Türkiye Cumhuriyeti Anayasası'nın 45'inci maddesi "Tarım, hayvancılık ve bu üretim dallarında çalışanların korunması" başlığıyla devlete tarım arazileri ile çayır ve meraların amaç dışı kullanılmasını ve tahribini önleme görevi vermiştir. Anayasa'nın bu hükmüne uygun olarak da 1998 yılında Mera Kanunu yürürlüğe girmiştir. Mera Kanunu'nun 14'üncü maddesinde ise tahsis amacı değiştirilmedikçe mera, yaylak ve kışlaktan bu kanunda gösterilenden başka şekilde yararlanılamayacağından bahsedilmektedir. Tahsis amacı değişikliğinin ise sadece maden ve petrol arama ve işletme faaliyetleri ile turizm yatırımları için zaruri olan kamu yatırımlarını ve toprak muhafazası, gen kaynaklarının korunması, millî park ve muhafaza ormanı kurulması, doğal, tarihî ve kültürel varlıkların korunması, sel kontrolü, akarsular ve kaynakların düzenlenmesi için ihtiyaç duyulan yerlerde yapılabileceği hüküm altına alınmıştır. Kanal İstanbul ise bu hükümlerin hiçbirisine uymamaktadır.
Son olarak, Mera Kanunu'nda 2014 yılında AKP tarafından tekrar değişiklik yapılarak mera, yaylak ve kışlakların tahsis amacının başka maksatlar için önü açılmıştır. Böylece rantsal dönüşüm hâline gelen kentsel dönüşüm meralara kadar uzanmış, bu düzenlemeyle İstanbul tarihi ve kültürüyle arsa rantçılarına, hazine avcılarına heba edilmiştir.

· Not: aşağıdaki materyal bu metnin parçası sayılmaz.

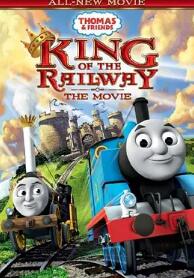 湯馬仕小火車(chē)之國王的寶藏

Değerli milletvekilleri, ayrıca Mera Kanunu'nda yapılan bu değişikliğe bir başka açıdan da bakmak istiyorum. Ülkemizin yıllık kaba yem ihtiyacı 50 milyon tondur. Kaliteli kaba yem açığımız ise 14,5 milyon tondur. Türkiye, birçok tarım ürününde olduğu gibi 2012 yılında bir ilke imza atmış, eti ve samanı dahi yurt dışından ithal etmiştir. Ülkemiz çiftçisi ise bu durumdan mağdur olmuştur. Bu yapılan değişiklik emsal teşkil ederek Anadolu'daki birçok mera alanında çeşitli bahanelerle imara açılacak "kentsel dönüşüm" adı altında tarım alanları yok edilmeye çalışılacaktır.

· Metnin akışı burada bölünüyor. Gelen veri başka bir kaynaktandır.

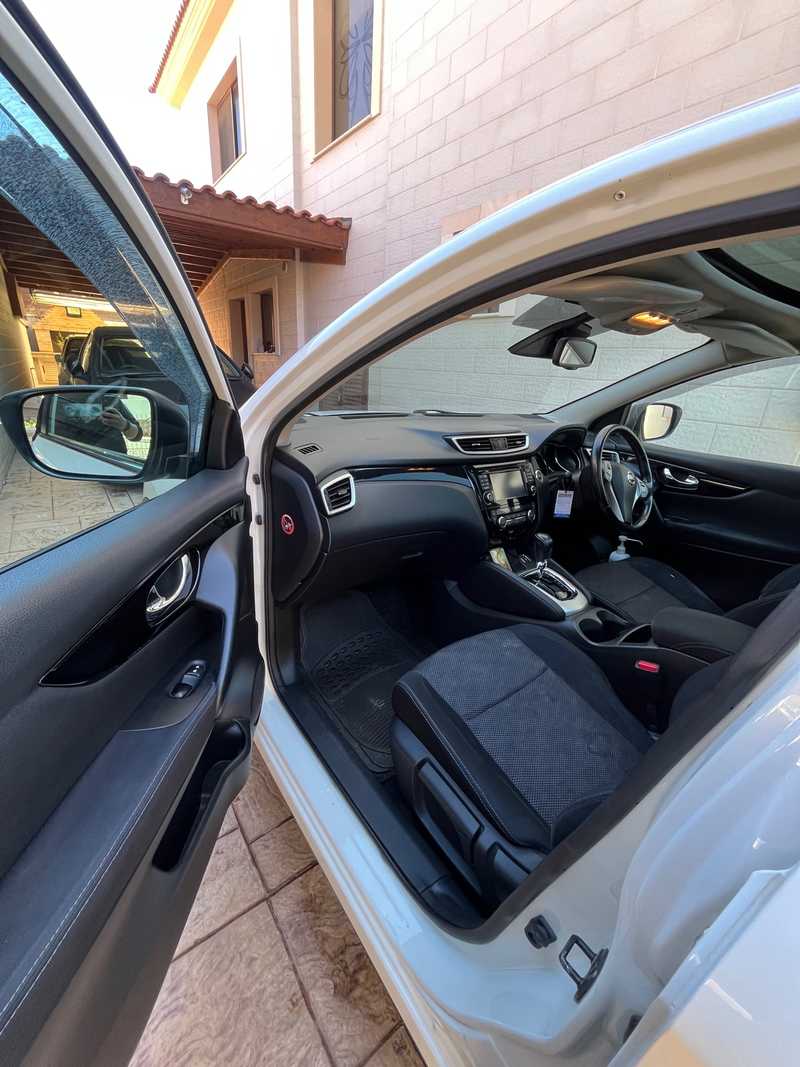 2014 Nissan Qashqai 1,6L 2014 Cyprus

Milliyeti Hareket Partisi olarak meralarımızın imara açılması yerine ıslah edilerek otlama kapasitelerinin arttırılması ve hayvancılık sektörünün ihtiyaçlarının karşılanması gerektiğini, zorunlu olarak imara açılması gereken yerler için de keyfî kararlar yerine ilgili kuruluşlardan görüş alınmalı ve kamu yararları gözetilmelidir diyor, hepinize saygılar sunuyorum. (MHP sıralarından alkışlar)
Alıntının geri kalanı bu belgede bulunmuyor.